Steve Tsang, director of the China Policy Institute at the University of Nottingham, said new Chinese leader Xi Jinping can use the Liu case to burnish his anticorruption credentials. Xi, who was named Communist Party leader in November and became president in March in a once-a-decade leadership change, has vowed to root out official corruption that has enraged many ordinary Chinese.
“Mr. Liu is in a much weaker situation compared with Bo Xilai,” said Tsang. “He is not really in a position to not play ball with the leadership,” he said.
“He’s merely a minister. They execute ministers in China. They don’t execute Politburo members.”
Liu led the rapid growth of China’s bullet train network, which has become the world’s biggest. Following Liu’s firing and a fatal crash in July 2011 that killed some 40 people, the government scaled back ambitious expansion plans.
Even before the 2011 disaster, the bullet train was a target of critics who said it was dangerously fast and too expensive for a society where the poor majority need more low-cost transportation, not record-setting speeds. The projects added to the railway ministry’s mountain of debt that now totals in the hundreds of billions of dollars.
Last month, the government announced it was dismantling the Ministry of Railways and separating its regulatory and commercial arms to reduce bureaucracy and boost efficiency.

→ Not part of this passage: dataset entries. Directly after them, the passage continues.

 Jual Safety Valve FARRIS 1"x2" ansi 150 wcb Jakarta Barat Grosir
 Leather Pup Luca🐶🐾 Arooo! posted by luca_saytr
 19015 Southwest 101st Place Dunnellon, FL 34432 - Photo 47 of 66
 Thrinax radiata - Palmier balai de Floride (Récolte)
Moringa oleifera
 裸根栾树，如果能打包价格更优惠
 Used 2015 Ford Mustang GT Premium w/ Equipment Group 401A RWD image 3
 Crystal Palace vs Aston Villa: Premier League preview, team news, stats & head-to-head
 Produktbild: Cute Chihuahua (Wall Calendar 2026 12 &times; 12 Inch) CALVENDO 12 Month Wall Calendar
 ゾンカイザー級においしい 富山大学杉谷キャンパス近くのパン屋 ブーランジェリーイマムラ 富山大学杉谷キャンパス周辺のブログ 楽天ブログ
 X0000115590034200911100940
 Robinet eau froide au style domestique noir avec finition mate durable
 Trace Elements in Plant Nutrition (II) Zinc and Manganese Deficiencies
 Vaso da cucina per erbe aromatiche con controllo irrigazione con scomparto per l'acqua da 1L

Reform-minded Chinese leaders and officials had been trying to do that for 15 years, but the ministry used its ties to the military and its record, including building the high-speed rail system — a symbol of national pride — to delay change.
“It’s not surprising to see such corruption in the railway system that was operated under a monopoly without proper regulatory monitoring,” said Yang Yang, a professor at the Politics and Public Management Institute at the China University of Political Science and Law.